-- Available data --
◇ ◇ ◇ ◇

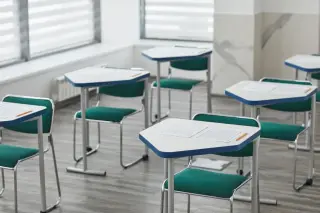Ilustrasi: Deretan meja dan kursi kosong di dalam sebuah ruang kelas modern dengan kertas ujian di atasnya.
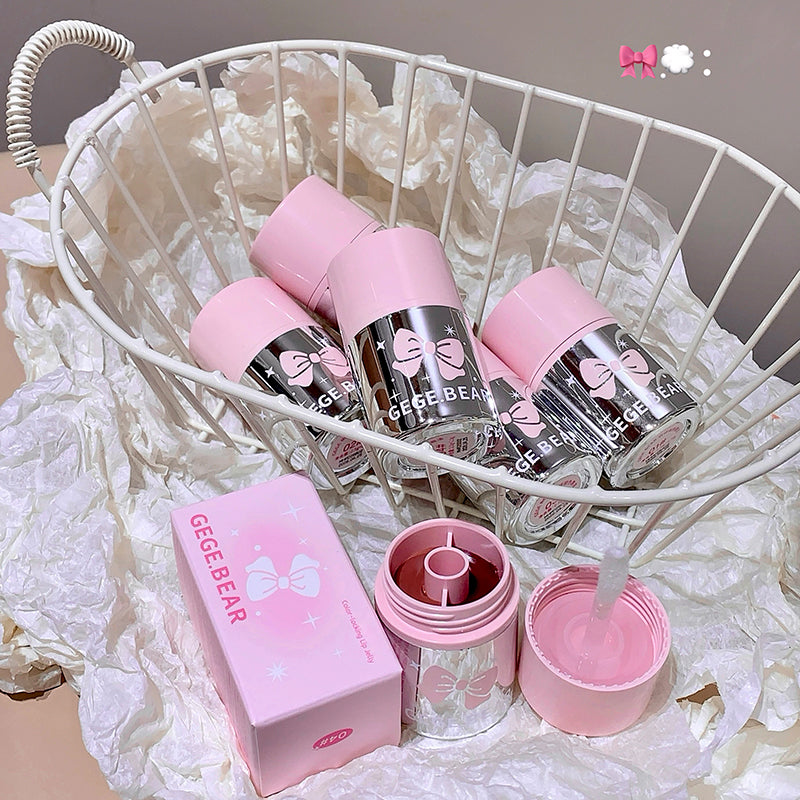 Pink and clear tumbler with lid and box on a white decorative background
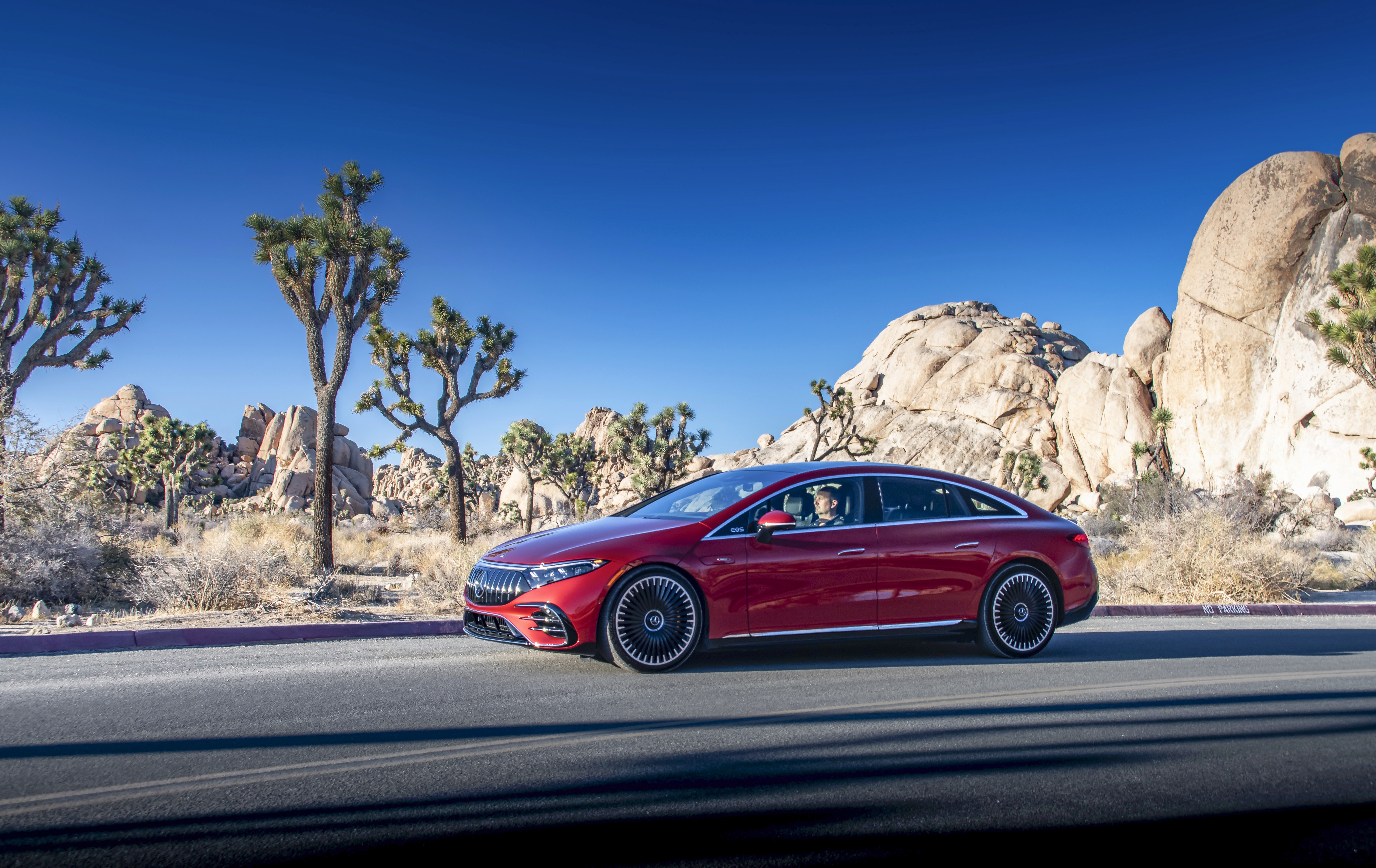 Red Mercedes-AMG EQS 53 4MATIC electric car in desert landscape HD Wallpaper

◇ ◇ ◇ ◇

-- Work request --
The lines from the one containing "Pink and clear" up to and including the last line of the material above are to be given again exactly; any pictures are dropped.

-- Result --
 Pink and clear tumbler with lid and box on a white decorative background
 Red Mercedes-AMG EQS 53 4MATIC electric car in desert landscape HD Wallpaper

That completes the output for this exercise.